SFC PAYGo Solar Credit Repayment Competition
$5 000 USD
Can you predict PAYGo solar customer payments?
744 data scientists enrolled, 175 on the leaderboard
6 June—29 August
Ends in 1 month

This competition focuses on PAYGo SHS contracts data.

When a customer applies for a loan, banks and other credit providers use statistical models to determine whether or not to grant the loan based on the likelihood of the loan being repaid. The factors involved in determining this likelihood are complex, and extensive statistical analysis and modelling are required to predict the outcome for each individual case. You must implement a similar model that predicts PAYGo SHS contract repayments or defaults based on the data provided.

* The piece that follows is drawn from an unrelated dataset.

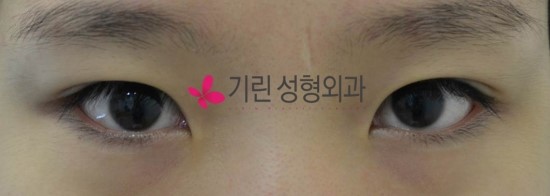 안검하수 (수술 후 6주 눈감은 사진) 관련 이미지 3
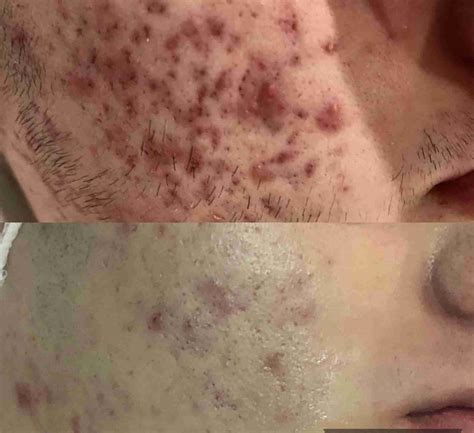 Shocking Truth About Unbelievable Blackhead Removal 2024 Revealed! Image 17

In this competition, you must explore and cleanse a dataset consisting of over ~37000 PAYGo SHS contracts to determine the best way to predict the repayment profile. You must then build a machine learning model that returns the expected future payments for n months ahead (for this competition n=6).

You could empower your solution by predicting the contract repayment status label (a probability of being paid or not paid) as well. This could indicate whether the contract will be fully paid or defaulted.

Files available for download:

  • Train.csv - contains the target (next 6 months to predict ). This is the dataset that you will use to train your model.
  • Test.csv- resembles Train.csv but without the target-related columns. This is the dataset on which you will apply your model to.
  • metadata.csv - contains some extra features; could be used to build a payment status label predictor.
  • SampleSubmission.csv - shows the submission format for this competition, with the ‘ID’ column mirroring that of Test.csv and the ‘Target’ column containing your predictions for each month. The order of the rows does not matter, but the names of the ID must be correct.
  • VariablesDefinition.txt - describes the variables in the metadata file
  • StarterNotebook.ipynb - this is the starter notebook for the hackathon which was a subset of this dataset. You can use this notebook as inspiration for this competition.